The symptoms of EBV encephalitis are heterogeneous in the pediatric age group and include fever, headache, nausea, vomiting, altered consciousness, seizures, meningism, and focal neurological signs. The subtle presentation is with low-grade fever, behavioral changes, language disturbance, and psychosis. A special form of EBV encephalopathy is “Alice in Wonderland syndrome,” which is characterized by visual hallucinations and perceptual distortions [4, 5]. The pathogenesis of EBV encephalitis is not fully understood and is considered by several authors to be consistent with an immune-mediated process rather than direct invasion of the brain . The most frequently areas are the cerebral hemispheres, basal ganglia, cerebellum, brain stem, thalamus, and limbic system. Favorable prognostic criteria are considered hemispheric purely with gray matter or white matter involvement. On the contrary, thalamus and limbic system localization is associated with a higher degree of sequelae . The patient reported here was affected by seizures, irritability, and behavioral changes consistent with acute encephalopathy. To the best of our knowledge, she is the youngest immunocompetent child to be reported with NCSE, in which EBV was detected in CSF by PCR. With respect to pathogenic mechanism, the presence of virus DNA in the CSF implies a primary infection, with localization of occipital gray matter and not reactivation of a previous infection.

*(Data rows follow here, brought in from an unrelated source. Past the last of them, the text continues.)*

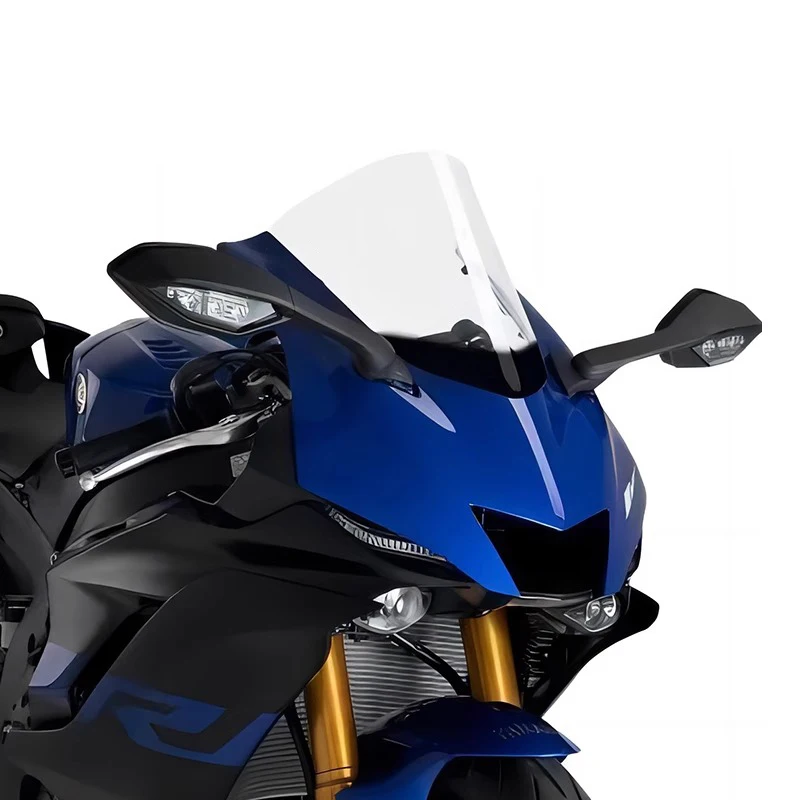 الزجاج الأمامي للدراجة النارية لياماها ، الزجاج الأمامي ، إكسسوارات الشاشة الأمامية ، ياماها R6 ، YZF6 ، من من من الداخل إلى الأمام ، R7 ،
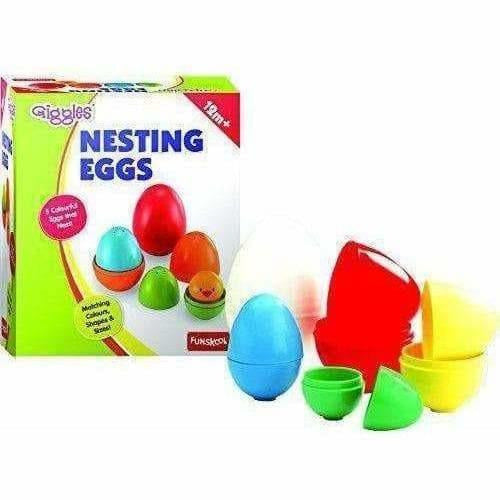Giggles Nesting Eggs | Grocsy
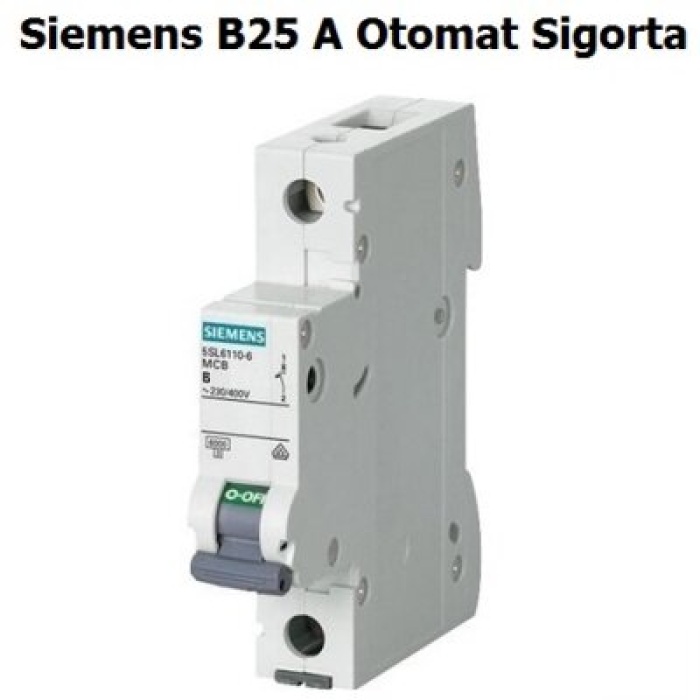 SIEMENS B25 SİGORTA*12X10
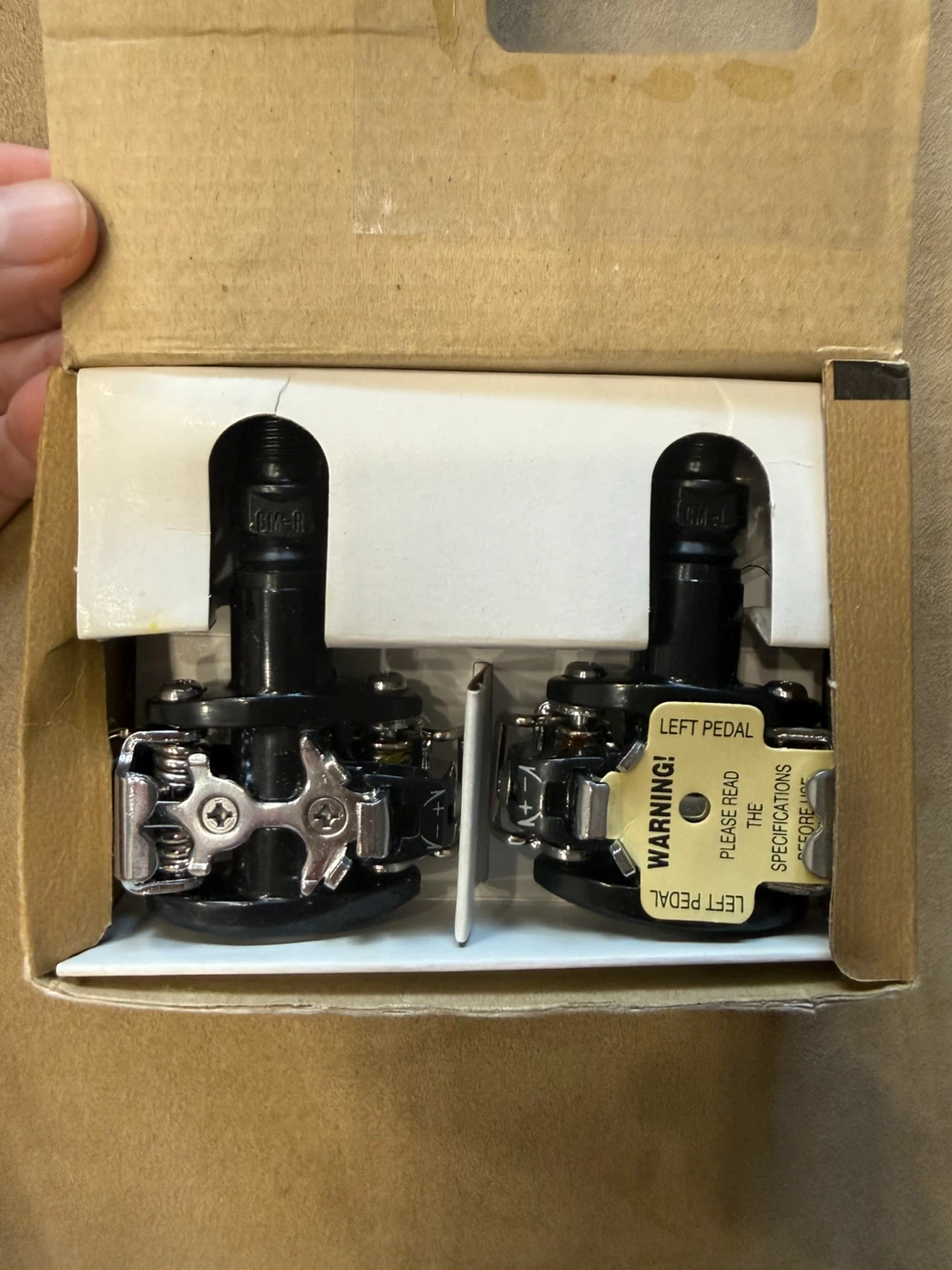 VP Components 103 Off-Road Clip-In Pedals
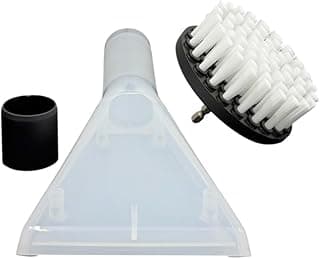 Kit Bico Bocal para Extratora Aspirador + Escova de Cerdas Limpeza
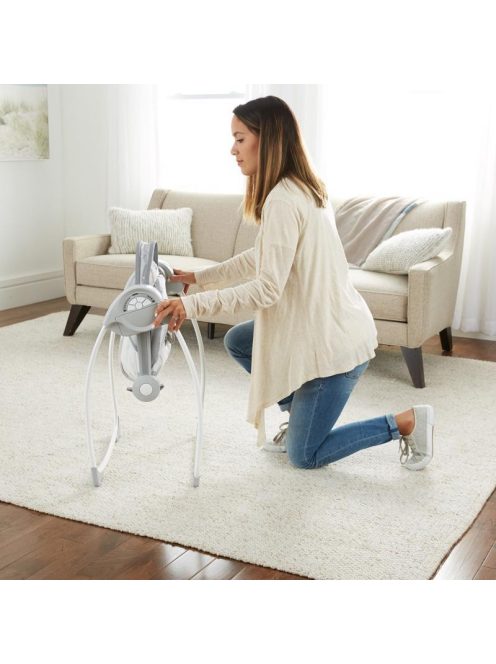 INGENUITY hinta dallamokkal, Cuddle Lamb, 0 hó+, 9 kg-ig, 2019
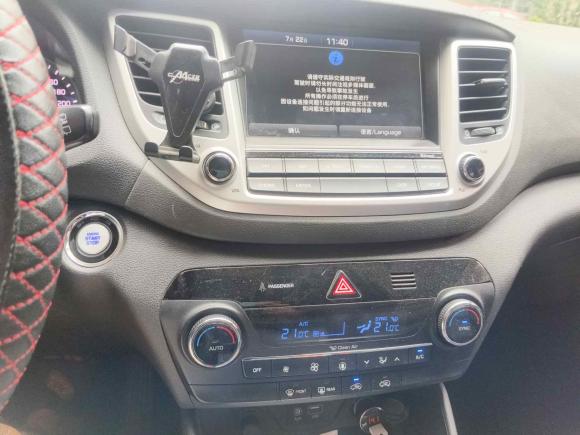 [温州·浙C] 二手现代途胜2015款 1.6T 双离合两驱智能型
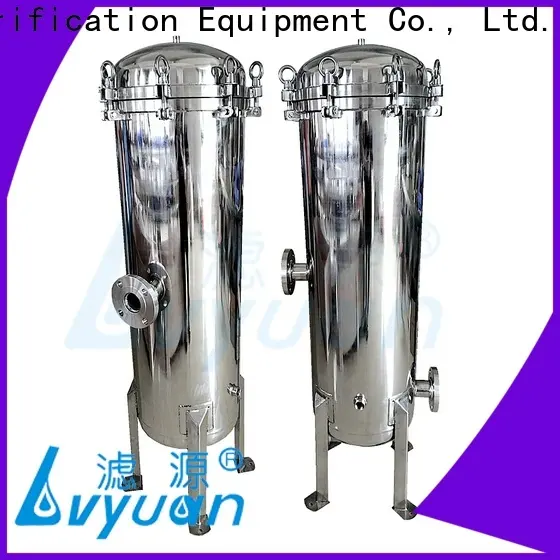 Newest stainless steel cartridge filter housing exporter for desalination 1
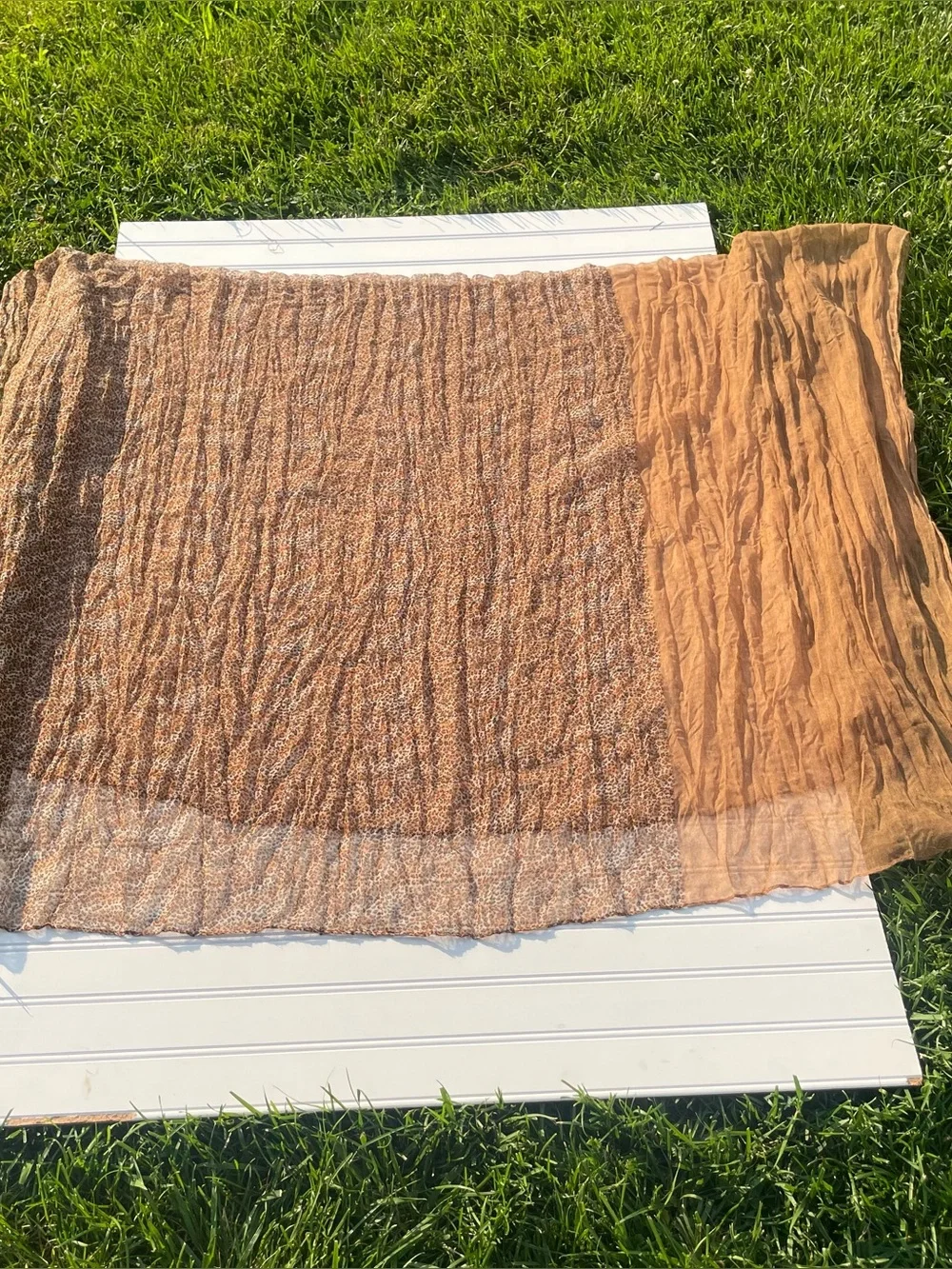Women’s Leopard Print Maxi Head Scarf  , Shawl , Wrap Animal Print Lightweight🔥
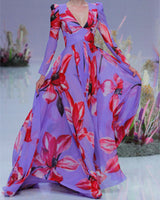 Shelby Maxi Dress-Multicolored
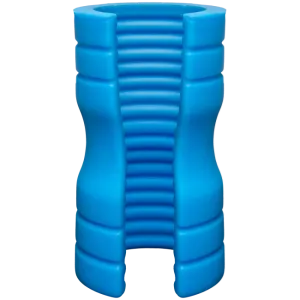 OptiMALE TRUSKYN Silicone Stroker - Ribbed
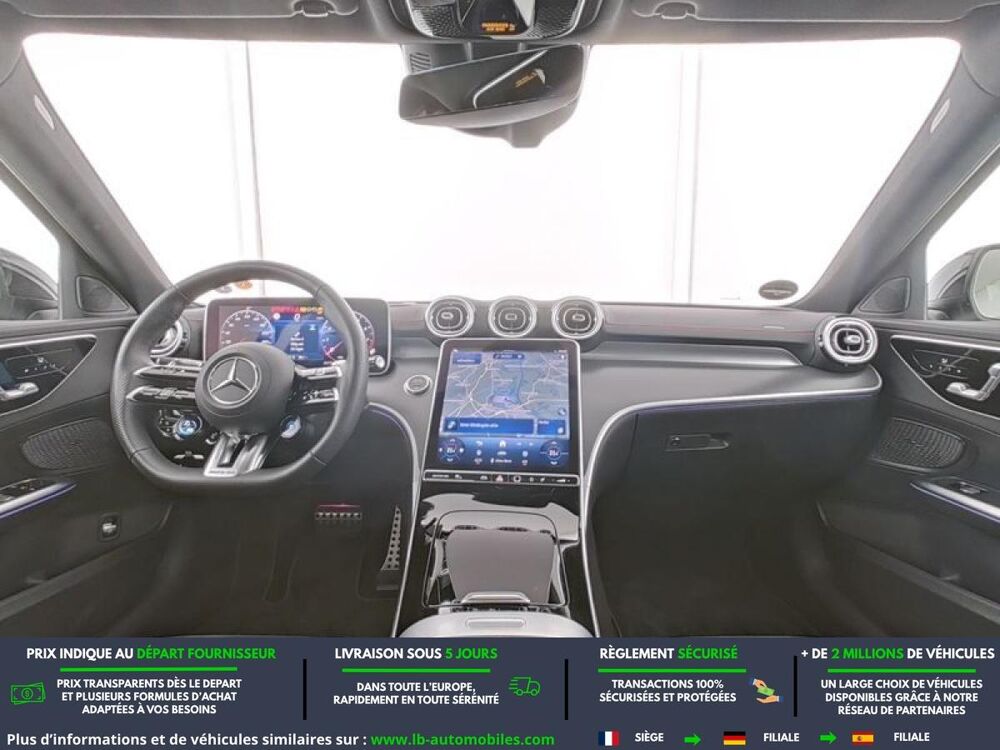 Classe C 43 Mercedes-AMG BVA 4Matic 2025 occasion 31850 Beaupuy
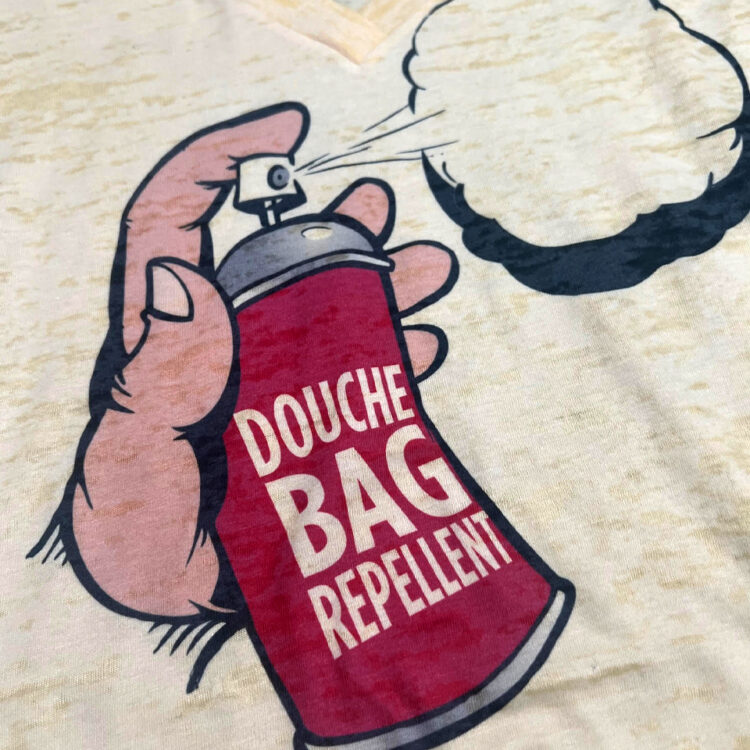 Douchebag Repellent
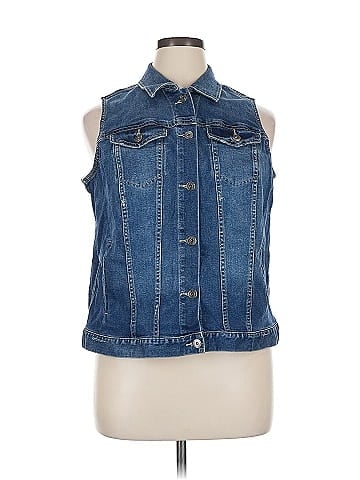 TWO by Vince Camuto Denim Vest (view 1)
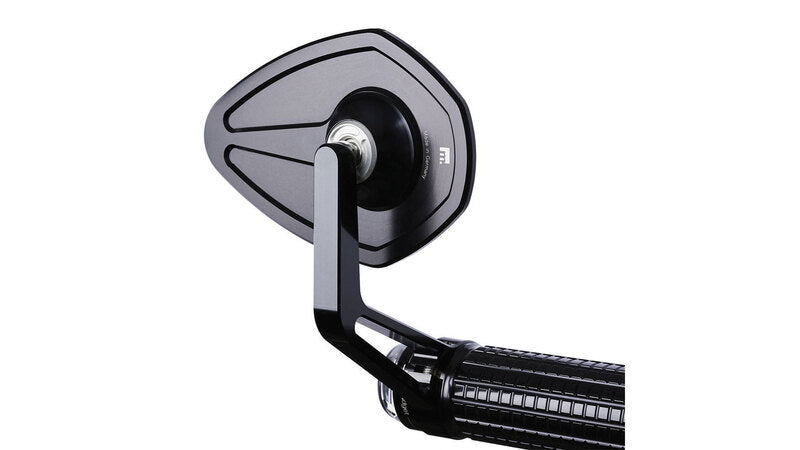MOTOGADGET Mo.View Sport 130, Lenkerendenspiegel für 7/8- und 1-Zoll-Lenker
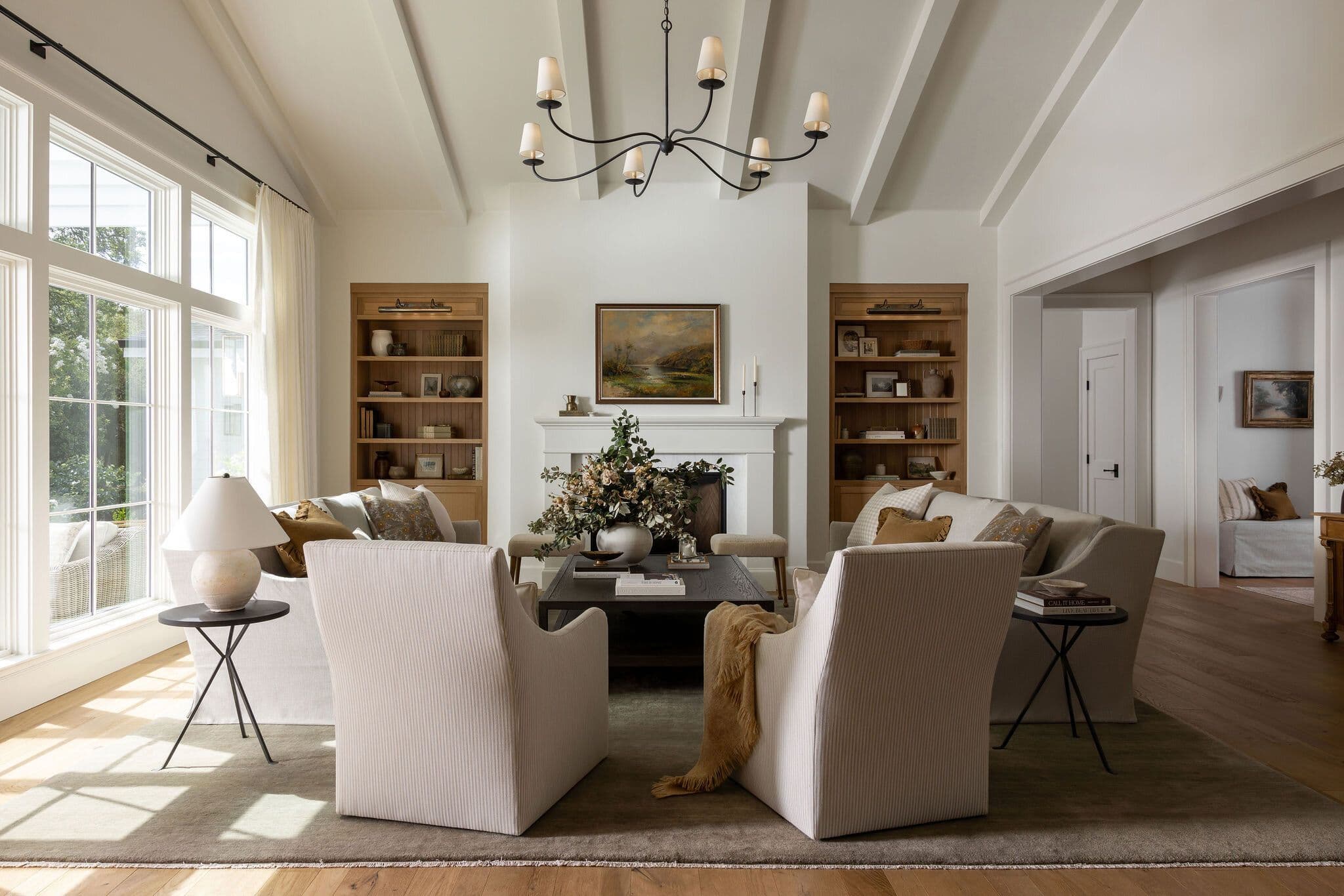 Elegant residential interior design by Rachel Madden Interiors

Another interesting aspect was the clinical onset with seizures and behavioral changes, and especially, EEG patterns consistent with NCSE. NCSE is often underdiagnosed in children and is defined as a cognitive or behavioral change that lasts for at least 30 min, with evidence of seizures on EEG . In childhood it includes a range of different conditions that can be classified into three groups: acute neurological injuries (encephalitis, stroke, metabolic syndromes, trauma, and intoxication); epileptic syndromes (Dravet syndrome, Lennox-Gastaut syndrome, and myoclonic astatic syndrome); and nonprogressive encephalopathy (Angelman syndrome and Landau-Kleffner syndrome). NCSE includes also “Panayiotopoulos syndrome,” which sometimes encloses only an “autonomic status epilepticus”  without other associated symptoms and that rarely an “unrecognized” ESES condition (associated or not with some epileptic syndromes, such as the “Landau-Kleffner” syndrome) could be responsible for “sleep” and “cognitive” impairment in epileptic children .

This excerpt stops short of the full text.